Il Cirum è stato la nostra base operativa in occasione delle molte Maratone delle Dolomiti corse tra la fine degli anni ’90 e gli inizi del nuovo millennio, prima che i fattacci del 2005 ce ne precludessero definitivamente la partecipazione, e per alcuni di noi è da più di dieci anni meta fissa delle vacenze estive. Al Cirum si accede lasciando la SS 48 delle Dolomiti in direzione Cherz a meno di 4 km da Arabba (Réba in Fodom) per chi proviene dell’Agordino o dal Falzarego, con una rampa di 800 metri al 10 per cento in mezzo al bosco, assai utile dopo i giri più impegnativi per sciogliere le gambe prima del rientro.

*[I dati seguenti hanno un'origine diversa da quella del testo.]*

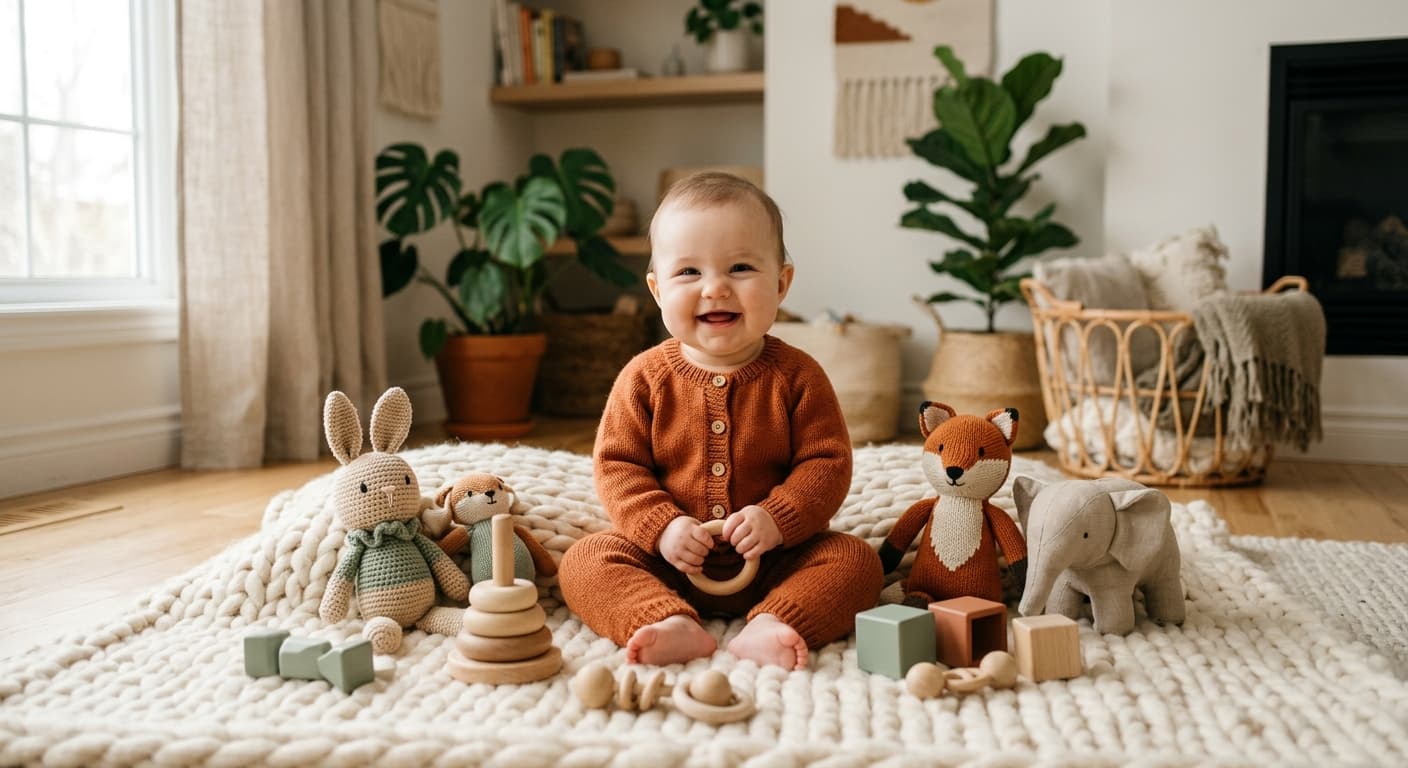 Baby i koselige hjemmelagde klær fra Lille Apekatt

A poco più di 4 km, dunque, il bivio per il Pordoi (mt. 2248) e il Campolongo (Ciaulonc, mt. 1897), con la possibilità di scegliere in quale verso affrontare il Sella Ronda; a 10 km c’è il Falzarego (mt. 2117), salita docile e davvero splendida per il paesaggio ed il tracciato che dal bosco porta fin sotto ai muraglioni di roccia del Lagazuoi; a 15 km c’è il Passo Fedaia (mt. 2054), uno degli ossi più duri di tutte le Dolomiti; a 20 il Giau (mt. 2236), cui si arriva per una strada spettacolare che porta verso Colle Santa Lucia; a 30 km, ridiscendendo la valle agordina sino a Cencenighe e poi Falcade, c’è il San Pellegrino (mt. 1890) dalle pendenze assai severe. Le magnifiche Tre Cime di Lavaredo (mt. 2400 ca.) sono a circa 50 km, a seconda che vi si voglia accedere dalla parte più facile (Falzarego, Cortina, Passo Tre Croci), oppure che si tenti l’impresa giungendo a Cortina attraverso il Passo Giau. C’è davvero solo l’imbarazzo della scelta. Qui il Giro d’Italia è di casa.
Al Cirum si mangia col cazzuol, il cortel e la pirona, seduti sulla cariéga.